Noise pollution data cleanup

Feb 8, 2019·
Georg Heiler
Georg Heiler
· 3 min read
Cleaned results as a pandas dataframe

The Austrian governemnt provides a great source of open data for noise pollution. However, it can only easily be looked at using their map-based visualization. When one wants to download the data and perform custom analytics with it some data cleaning is required as one is presented with a hierarchy of files.

getting started

The first step is to download the data from Lärminfo.

Then after unzipping there are multiple categories available represented as a hiererchy of folders per state:

├── flug_2017_noise
│   ├── INSPIRE_2017_FLUGHAEFEN_24H_ZONEN_KT
...
│   └── INSPIRE_2017_FLUGHAEFEN_NACHT_ZONEN_WI
├── industrie_2017_noise
│   ├── INSPIRE_2017_IPPC_24H_ZONEN_NO
....
│   └── INSPIRE_2017_IPPC_NACHT_ZONEN_WI
├── schiene_2017_noise
│   ├── INSPIRE_2017_SCHIENE_24H_ZONEN_BG
....
│   └── INSPIRE_2017_SCHIENE_NACHT_ZONEN_WI
└── strasse_2017_noise
    ├── INSPIRE_2017_STRASSE_24H_ZONEN_BG
    ....
    └── INSPIRE_2017_STRASSE_NACHT_ZONEN_WI

Using python data cleaning can easily be accomplished. The folder hierarchy needs to be parsed recursively. Do note, that a Generator is constructed and not a list. This can be more memory efficient as only the objects which are really required during processing need to be held in memory.

def iter_dirs(directory_in_str, glob):
    pathlist = Path(directory_in_str).glob(glob)
    for path in pathlist:
        yield str(path)

Each path looks like 2017_STRASSE_NACHT_ZONEN_TI.shp and contains some attribute values. These are required later on to diffenciate between the different layers and need to be retained. parse_attributes_from_path will extract them.

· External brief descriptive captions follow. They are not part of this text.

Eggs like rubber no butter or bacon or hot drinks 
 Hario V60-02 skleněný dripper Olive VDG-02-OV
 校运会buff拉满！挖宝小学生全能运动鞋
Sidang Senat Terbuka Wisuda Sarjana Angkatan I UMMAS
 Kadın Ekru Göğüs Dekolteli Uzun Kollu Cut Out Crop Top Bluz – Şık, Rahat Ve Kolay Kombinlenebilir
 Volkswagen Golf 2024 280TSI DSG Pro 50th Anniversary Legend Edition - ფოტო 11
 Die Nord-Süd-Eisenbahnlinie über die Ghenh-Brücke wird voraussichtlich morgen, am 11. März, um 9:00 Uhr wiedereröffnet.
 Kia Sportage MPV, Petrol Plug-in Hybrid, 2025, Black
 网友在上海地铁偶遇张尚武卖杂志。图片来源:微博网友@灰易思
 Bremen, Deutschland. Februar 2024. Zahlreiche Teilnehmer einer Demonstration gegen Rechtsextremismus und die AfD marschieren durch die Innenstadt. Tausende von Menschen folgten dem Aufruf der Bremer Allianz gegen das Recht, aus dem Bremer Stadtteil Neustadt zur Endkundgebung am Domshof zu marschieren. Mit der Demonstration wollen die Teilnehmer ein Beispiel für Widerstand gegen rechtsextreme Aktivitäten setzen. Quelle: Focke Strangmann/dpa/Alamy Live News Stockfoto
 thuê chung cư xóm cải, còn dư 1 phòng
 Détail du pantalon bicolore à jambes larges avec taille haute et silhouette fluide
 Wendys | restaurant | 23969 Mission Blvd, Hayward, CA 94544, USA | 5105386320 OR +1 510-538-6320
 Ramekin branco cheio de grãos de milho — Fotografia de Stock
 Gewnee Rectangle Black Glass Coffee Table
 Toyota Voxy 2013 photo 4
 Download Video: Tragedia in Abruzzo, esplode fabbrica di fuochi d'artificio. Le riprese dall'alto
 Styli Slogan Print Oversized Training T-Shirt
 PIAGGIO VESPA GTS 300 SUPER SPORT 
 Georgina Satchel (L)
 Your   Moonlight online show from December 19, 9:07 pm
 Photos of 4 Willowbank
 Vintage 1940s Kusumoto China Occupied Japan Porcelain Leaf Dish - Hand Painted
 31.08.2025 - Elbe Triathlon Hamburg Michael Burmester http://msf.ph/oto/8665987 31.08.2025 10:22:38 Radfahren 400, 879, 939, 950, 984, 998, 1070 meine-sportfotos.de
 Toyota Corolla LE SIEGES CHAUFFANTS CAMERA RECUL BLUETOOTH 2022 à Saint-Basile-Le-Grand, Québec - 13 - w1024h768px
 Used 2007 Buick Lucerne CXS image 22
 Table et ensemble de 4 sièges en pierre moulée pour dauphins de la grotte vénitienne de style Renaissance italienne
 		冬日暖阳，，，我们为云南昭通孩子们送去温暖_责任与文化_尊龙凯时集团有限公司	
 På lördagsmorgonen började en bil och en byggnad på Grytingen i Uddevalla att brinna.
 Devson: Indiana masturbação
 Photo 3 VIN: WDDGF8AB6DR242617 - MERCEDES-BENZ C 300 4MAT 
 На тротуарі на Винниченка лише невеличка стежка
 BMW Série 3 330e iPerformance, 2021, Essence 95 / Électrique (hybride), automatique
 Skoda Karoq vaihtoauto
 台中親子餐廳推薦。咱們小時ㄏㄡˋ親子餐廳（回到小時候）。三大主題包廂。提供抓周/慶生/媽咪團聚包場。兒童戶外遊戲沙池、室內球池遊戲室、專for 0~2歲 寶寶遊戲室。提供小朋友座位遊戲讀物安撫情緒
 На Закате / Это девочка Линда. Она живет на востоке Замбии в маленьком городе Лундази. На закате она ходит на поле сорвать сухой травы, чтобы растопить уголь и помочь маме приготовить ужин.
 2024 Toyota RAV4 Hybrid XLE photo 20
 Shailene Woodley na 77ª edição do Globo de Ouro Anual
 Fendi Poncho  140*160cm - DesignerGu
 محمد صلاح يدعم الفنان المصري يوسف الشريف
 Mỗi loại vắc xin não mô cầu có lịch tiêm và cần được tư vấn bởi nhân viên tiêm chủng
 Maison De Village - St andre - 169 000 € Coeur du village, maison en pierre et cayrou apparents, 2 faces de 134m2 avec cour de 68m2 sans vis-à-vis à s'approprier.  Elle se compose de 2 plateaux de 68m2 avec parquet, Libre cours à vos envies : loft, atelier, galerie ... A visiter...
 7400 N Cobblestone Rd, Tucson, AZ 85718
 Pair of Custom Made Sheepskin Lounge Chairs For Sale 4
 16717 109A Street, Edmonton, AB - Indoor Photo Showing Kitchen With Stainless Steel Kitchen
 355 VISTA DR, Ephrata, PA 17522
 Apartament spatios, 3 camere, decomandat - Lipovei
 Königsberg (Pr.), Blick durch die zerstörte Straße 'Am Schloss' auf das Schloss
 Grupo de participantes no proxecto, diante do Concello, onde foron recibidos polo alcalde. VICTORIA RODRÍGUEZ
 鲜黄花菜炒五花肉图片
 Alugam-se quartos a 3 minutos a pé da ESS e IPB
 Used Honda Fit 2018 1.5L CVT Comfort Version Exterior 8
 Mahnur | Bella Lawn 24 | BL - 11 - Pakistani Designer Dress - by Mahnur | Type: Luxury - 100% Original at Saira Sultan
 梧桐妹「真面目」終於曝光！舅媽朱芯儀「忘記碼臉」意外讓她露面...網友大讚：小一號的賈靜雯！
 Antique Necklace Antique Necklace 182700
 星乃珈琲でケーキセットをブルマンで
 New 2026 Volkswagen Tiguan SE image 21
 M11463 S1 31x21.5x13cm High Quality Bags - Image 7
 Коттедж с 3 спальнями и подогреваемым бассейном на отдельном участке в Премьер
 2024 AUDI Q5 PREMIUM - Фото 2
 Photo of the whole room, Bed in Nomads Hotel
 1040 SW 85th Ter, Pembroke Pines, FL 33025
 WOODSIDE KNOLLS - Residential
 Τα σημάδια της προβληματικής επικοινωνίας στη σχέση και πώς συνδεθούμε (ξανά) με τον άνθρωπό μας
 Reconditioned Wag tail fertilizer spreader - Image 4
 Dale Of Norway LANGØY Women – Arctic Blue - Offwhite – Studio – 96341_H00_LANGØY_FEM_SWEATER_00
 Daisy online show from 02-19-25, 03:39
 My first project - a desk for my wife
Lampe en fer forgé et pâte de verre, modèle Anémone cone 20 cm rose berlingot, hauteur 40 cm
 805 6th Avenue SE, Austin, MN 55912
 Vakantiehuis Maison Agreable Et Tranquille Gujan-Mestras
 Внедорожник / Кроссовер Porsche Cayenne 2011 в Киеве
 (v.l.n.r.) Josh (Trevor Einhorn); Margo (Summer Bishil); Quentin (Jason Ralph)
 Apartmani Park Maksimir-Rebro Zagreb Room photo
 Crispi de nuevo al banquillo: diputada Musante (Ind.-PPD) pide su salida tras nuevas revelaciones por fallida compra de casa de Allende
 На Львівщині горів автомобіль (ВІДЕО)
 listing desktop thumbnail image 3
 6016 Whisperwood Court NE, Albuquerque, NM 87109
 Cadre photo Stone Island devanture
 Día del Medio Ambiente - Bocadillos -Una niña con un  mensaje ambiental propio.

def parse_attributes_from_path(path):
    file_name = path.split('/')[-1]
    elements = file_name.split('_')
    result = {}
    result['year'] = elements[0]
    result['kind'] = elements[1]
    result['timing'] = elements[2]
    result['state'] = elements[-1].split('.')[0]
    return result

Finally, you can start to use the functions defined above and loop over all shapefiles:

paths = iter_dirs(c.BASE_PATH, '**/*.shp')
tmp_appended_data = []
for path in tqdm(paths):
    print(path)
    attributes_from_filenname = parse_attributes_from_path(path)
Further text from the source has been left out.